Kepala Balai Besar Keramik Kementerian Perindustrian Supomo mengatakan secara teknis industri kaca lokal mampu memproduksi kaca sesuai dengan standar kaca pengaman yang dipakai mobil impor tersebut.

 

Tidak Menguntungkan

Namun, karena volume permintaan yang sedikit, pelaku usaha tidak mampu memenuhi karena secara ekonomi tidak menguntungkan.

“Mereka mendatangkan kaca tidak lebih dari 5.000 bar per tahun. Tapi menurut peraturan, kaca yang diwajibkan SNI tidak tergantung pada jumlah impornya. Sekali diwajibkan harus diikuti. Mereka sudah punya SNI, jadi bukan karena kaca mereka tidak sesuai dengan SNI,” ujarnya.

Dia menjelaskan sebelum diwajibkan, SNI kaca pengaman sudah mengacu pada International Standard Organization (ISO) dan telah dinotifikasi ke World Trade Organization (WTO).

Menurutnya, ada usulan lain yaitu dengan mengirimkan sampel ke Indonesia, tapi hal tersebut tidak sesuai dengan aturan karena sertifikasi kaca termasuk tipe 5 di mana audit harus dilakukan di lokasi pabrik.

Jika skema sertifikasi diubah, maka akan menjadi pekerjaan yang tidak mudah bagi badan sertifikasi.

Bisnis, telah mencoba mengubungi Head of Corporate Communications BMW Group Indonesia Jodie O’tania untuk mendapatkan tanggapan perihal ini, tetapi yang bersangkutan belum menjawab email yang dikirimkan.

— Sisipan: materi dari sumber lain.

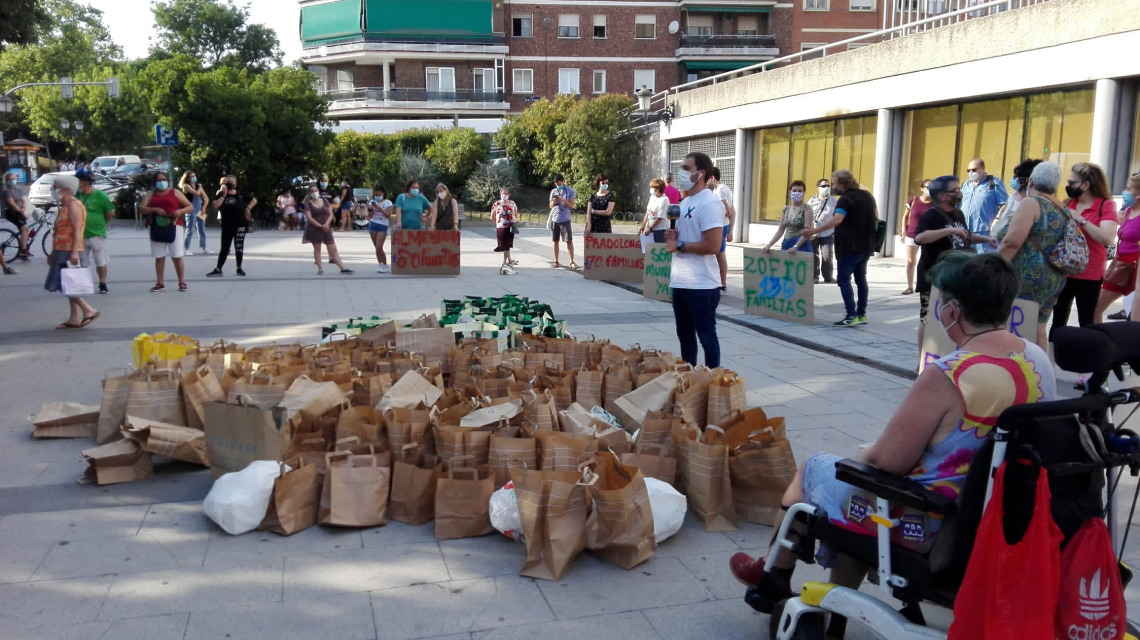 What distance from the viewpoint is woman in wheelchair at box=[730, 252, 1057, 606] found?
97.8 inches

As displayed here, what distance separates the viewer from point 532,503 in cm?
363

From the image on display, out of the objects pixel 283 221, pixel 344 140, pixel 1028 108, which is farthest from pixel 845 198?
pixel 344 140

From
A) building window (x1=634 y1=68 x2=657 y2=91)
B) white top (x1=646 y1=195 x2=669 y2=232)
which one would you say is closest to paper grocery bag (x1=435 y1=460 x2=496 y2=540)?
white top (x1=646 y1=195 x2=669 y2=232)

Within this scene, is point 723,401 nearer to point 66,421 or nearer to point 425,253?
point 66,421

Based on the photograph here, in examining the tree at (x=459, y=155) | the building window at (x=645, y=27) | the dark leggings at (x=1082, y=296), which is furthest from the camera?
the building window at (x=645, y=27)

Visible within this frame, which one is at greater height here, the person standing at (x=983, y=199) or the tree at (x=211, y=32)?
the tree at (x=211, y=32)

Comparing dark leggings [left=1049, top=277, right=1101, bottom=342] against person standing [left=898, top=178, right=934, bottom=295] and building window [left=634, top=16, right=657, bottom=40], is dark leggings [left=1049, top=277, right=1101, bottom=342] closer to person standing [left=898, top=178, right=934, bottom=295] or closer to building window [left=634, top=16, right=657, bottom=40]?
person standing [left=898, top=178, right=934, bottom=295]

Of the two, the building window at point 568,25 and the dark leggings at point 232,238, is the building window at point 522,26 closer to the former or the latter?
the building window at point 568,25

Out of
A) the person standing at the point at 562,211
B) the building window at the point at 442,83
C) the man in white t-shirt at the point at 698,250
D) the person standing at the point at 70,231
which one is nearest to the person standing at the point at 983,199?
the man in white t-shirt at the point at 698,250

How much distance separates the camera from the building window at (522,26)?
178 ft

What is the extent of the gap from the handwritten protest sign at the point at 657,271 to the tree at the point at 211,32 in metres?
58.9

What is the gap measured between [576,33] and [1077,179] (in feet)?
163

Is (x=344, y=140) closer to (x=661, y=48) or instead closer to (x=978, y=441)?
(x=661, y=48)

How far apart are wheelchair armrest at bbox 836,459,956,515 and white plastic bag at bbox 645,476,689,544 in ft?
4.43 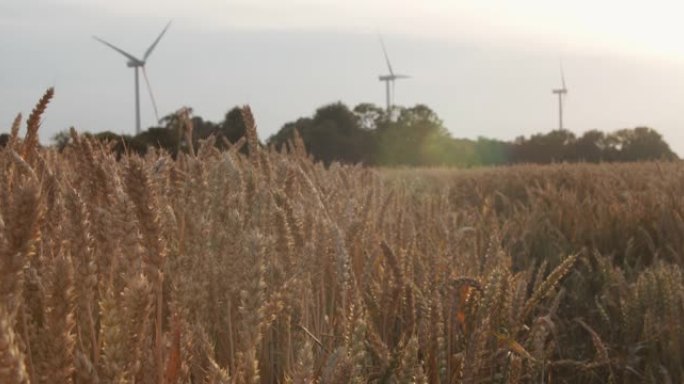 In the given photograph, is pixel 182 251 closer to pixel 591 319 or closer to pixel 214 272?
pixel 214 272

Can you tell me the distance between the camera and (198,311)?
132 centimetres

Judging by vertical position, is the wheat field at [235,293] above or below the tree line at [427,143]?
below

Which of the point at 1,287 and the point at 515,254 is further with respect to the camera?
the point at 515,254

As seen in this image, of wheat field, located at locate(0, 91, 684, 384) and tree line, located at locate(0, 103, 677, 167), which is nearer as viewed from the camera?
wheat field, located at locate(0, 91, 684, 384)

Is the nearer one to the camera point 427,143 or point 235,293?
point 235,293

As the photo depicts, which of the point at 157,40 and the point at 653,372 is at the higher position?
the point at 157,40

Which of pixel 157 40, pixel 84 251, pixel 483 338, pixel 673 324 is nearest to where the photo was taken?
pixel 84 251

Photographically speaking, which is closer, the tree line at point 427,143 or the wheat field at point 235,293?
the wheat field at point 235,293

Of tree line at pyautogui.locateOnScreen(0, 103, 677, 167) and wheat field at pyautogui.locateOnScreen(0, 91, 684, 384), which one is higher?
tree line at pyautogui.locateOnScreen(0, 103, 677, 167)

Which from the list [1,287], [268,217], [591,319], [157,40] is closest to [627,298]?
[591,319]

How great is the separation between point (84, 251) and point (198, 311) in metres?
0.48

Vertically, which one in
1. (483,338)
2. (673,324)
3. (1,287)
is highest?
(1,287)

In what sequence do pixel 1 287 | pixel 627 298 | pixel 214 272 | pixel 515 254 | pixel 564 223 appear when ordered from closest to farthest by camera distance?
pixel 1 287 → pixel 214 272 → pixel 627 298 → pixel 515 254 → pixel 564 223

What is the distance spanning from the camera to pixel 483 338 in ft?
5.19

Ketua Asosiasi Kaca Lembaran dan Pengaman (AKLP) Yustinus Gunawan menilai pengecualian merupakan tindakan diskriminatif, padahal aturan tersebut menyangkut keselamatan.

“Masalah biaya sertifikasi adalah masalah komersial, tidak berhubungan dengan sertifikasi karena ini menyangkut mutu dan keselamatan,” ujarnya.

Pihaknya mengusulkan bagi produsen otomotif impor untuk mencari suplier kaca pengaman di luar negeri yang sudah mengantongi SPPT SNI.